FyuseNet Neural Network Inference Library

FyuseNet is an OpenGL(ES) based library that allows to run neural networks on GPUs that support OpenGL or OpenGL/ES on a broad spectrum of GPUs from embedded to desktop.

🌟 Key Features:

Compatibility: Runs on desktop, mobile and edge platforms
Lightweight: OpenGL is the only major dependency, no 100s of MB required for GPU accelerator frameworks
Vendor-Agnostic: Enjoy the flexibility of a solution that is made for everyone
WebGL Support: Run inference in WebGL using WebAssembly

License

FyuseNet is published under the MIT, see the LICENSE file in this repository for details.

Building

FyuseNet can be build for different target systems, currently supported are Linux, Windows, MacOS and Android. The build process is orchestrated by cmake, which is available on all supported target platforms of FyuseNet.

Click to expand

Folder Structure

fyusenet
   |-- buildutils           (Folder with helper scripts for the build process)
   |-- data                 (Folder with sample network weights and sample images)
   |-- fyusenet             (Folder that contains the main library source code, including shaders)
   |-- samples              (Folder with sample code for various platforms)
   |-- doxygen              (Doxygen documentation)
   |-- unit_tests           (Folder with unit tests)
   |-- templates            (Templates for cpp and h files)
   |-- CMakeLists.txt       (Root build file)
   |-- LICENSE              (Software license, MIT in our case)
   |-- CONTRIBUTING.md      (Hints and rules for contributing to FyuseNet)
   |-- CODE_OF_CONDUCT.md   (Ground rules)
   '-- README.md            (This file)

Build Configuration

FyuseNet supports a set of build flags for customization purposes on some platforms. Aside from the usual flags like compiling in release or debug mode, it allows for compiling different subprojects and enabling/disabling different target environments. The following table lists those build flags, along with their default configuration and notable external dependencies if enabled.

Build Flag	Default	Description	Notable External Dependency	Platforms
USE_EGL	OFF	Use EGL instead of GL	EGL	Linux
USE_GLFW	OFF	Use GLFW instead of desktop GL (on Linux), this is useful when using GL debuggers like NVIDIA nSight on desktop machines	GLFW	Linux
USE_MULTITHREADING	ON	Depending on the build platform multi-threading may be on or off by default. For Linux and Android builds it is `ON`		Linux, Windows, MacOS, Android
BUILD_SAMPLES	ON	Build sample networks		Linux, Windows, WebGL, MacOS, Android
BUILD_TESTS	ON	Build unit tests	GoogleTest	Linux, Windows, MacOS, Android
BUILD_DOCS	OFF	Build doxygen documentation	doxygen	All
HIGH_PRECISION	OFF	Use 32-bit FP buffers instead of 16-bit		All

Build flags can be set on the command line as parameters to the cmake executable.
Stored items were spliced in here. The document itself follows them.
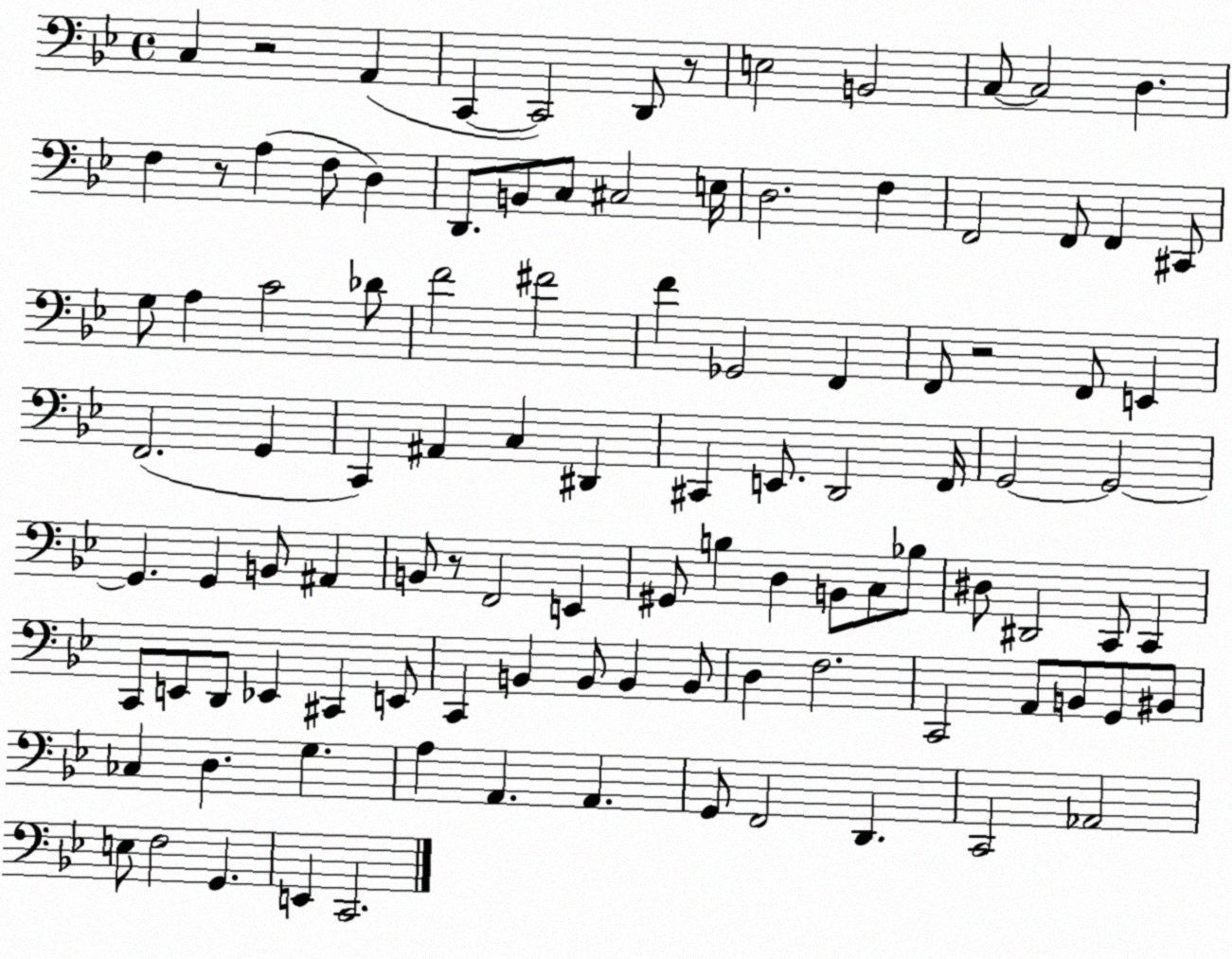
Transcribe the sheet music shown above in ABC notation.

X:1
T:Untitled
M:4/4
L:1/4
K:Bb
C, z2 A,, C,, C,,2 D,,/2 z/2 E,2 B,,2 C,/2 C,2 D, F, z/2 A, F,/2 D, D,,/2 B,,/2 C,/2 ^C,2 E,/4 D,2 F, F,,2 F,,/2 F,, ^C,,/2 G,/2 A, C2 _D/2 F2 ^F2 F _G,,2 F,, F,,/2 z2 F,,/2 E,, F,,2 G,, C,, ^A,, C, ^D,, ^C,, E,,/2 D,,2 F,,/4 G,,2 G,,2 G,, G,, B,,/2 ^A,, B,,/2 z/2 F,,2 E,, ^G,,/2 B, D, B,,/2 C,/2 _B,/2 ^D,/2 ^D,,2 C,,/2 C,, C,,/2 E,,/2 D,,/2 _E,, ^C,, E,,/2 C,, B,, B,,/2 B,, B,,/2 D, F,2 C,,2 A,,/2 B,,/2 G,,/2 ^B,,/2 _C, D, G, A, A,, A,, G,,/2 F,,2 D,, C,,2 _A,,2 E,/2 F,2 G,, E,, C,,2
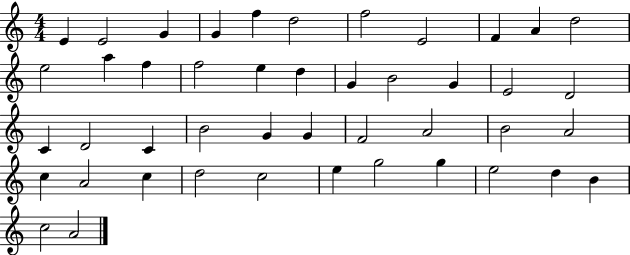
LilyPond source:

{
  \clef treble
  \numericTimeSignature
  \time 4/4
  \key c \major
  e'4 e'2 g'4 | g'4 f''4 d''2 | f''2 e'2 | f'4 a'4 d''2 | \break e''2 a''4 f''4 | f''2 e''4 d''4 | g'4 b'2 g'4 | e'2 d'2 | \break c'4 d'2 c'4 | b'2 g'4 g'4 | f'2 a'2 | b'2 a'2 | \break c''4 a'2 c''4 | d''2 c''2 | e''4 g''2 g''4 | e''2 d''4 b'4 | \break c''2 a'2 | \bar "|."
}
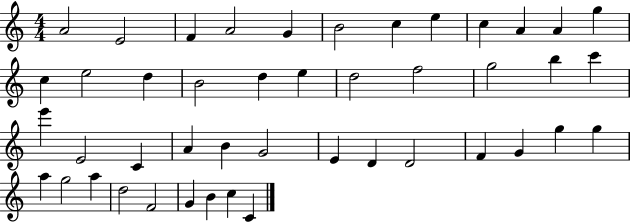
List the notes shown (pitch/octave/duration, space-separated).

A4/h E4/h F4/q A4/h G4/q B4/h C5/q E5/q C5/q A4/q A4/q G5/q C5/q E5/h D5/q B4/h D5/q E5/q D5/h F5/h G5/h B5/q C6/q E6/q E4/h C4/q A4/q B4/q G4/h E4/q D4/q D4/h F4/q G4/q G5/q G5/q A5/q G5/h A5/q D5/h F4/h G4/q B4/q C5/q C4/q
For example:

cmake -DCMAKE_BUILD_TYPE=Release -DBUILD_SAMPLES=ON <path to top-level CMakeLists.txt>

Building for Linux Desktop and MacOS

Click to expand

In order to compile FyuseNet for use on Linux-based desktop systems (also including Linux-based SBCs and MacOS), the following prerequisites must be installed:

Package	Min version	Comment
cmake	3.21.0	Lower version may work, but mileage may vary
python	3.0	Used for shader resource management, not a runtime requirement
g++/clang	-	Any version that supports C++ 17
OpenGL or OpenGL/ES (dev)	GL 4.x / ES 3.x	Header files and runtime libraries of either
doxygen	1.8.17	Only if the documentation shall be built

To compile, change the working directory to the root folder of this repository and create a build folder. Change the working directory to that build folder and determine if desktop GL or embedded GL should be used and whether or not samples or tests should be built. For example, if you want to build for desktop GL in debug mode and also build the samples, the following command (issued from within the build folder) will do the work, assuming the default generator for cmake is Unix Makefiles:

cmake -DCMAKE_BUILD_TYPE=Debug -DBUILD_SAMPLES=ON .. && make

As another example, using embedded GL in release mode and also building the unit-tests, use this command:

cmake -DCMAKE_BUILD_TYPE=Release -DUSE_EGL=ON -DBUILD_SAMPLES=ON -DBUILD_TESTS=ON .. && make

This will build a set of static libraries which can be found in their respective folders (each folder generates a static library) and the main library as a shared object file which can be found in the fyusenet subdirectory after a successful build. The build process will not install the library or header files to a target.

Installing

To install the shared library and header files to the appropriate system folders, use make install to run the build and the installation of the appropriate files to the destination folders. The default installation prefix, which usually is /usr/local on Linux can be changed using the --prefix parameter supplied to the cmake command.

Samples

Please see the README file in the samples directory for more information.

Building for Windows

Click to expand

We recommend to install an integrated development environment such as Visual Studio, Visual Studio Code with MSVC compiler toolset installed, Qt Creator or CLion for compiling FyuseNet on MS Windows machines. These tools usually come bundled with nearly everything you need for compilation. Due to the Python requirement on the shader resource management, you will have to install Python for compilation. We recommend using either Miniconda or Anaconda to this end. The table below lists minimal requirements to compile FyuseNet.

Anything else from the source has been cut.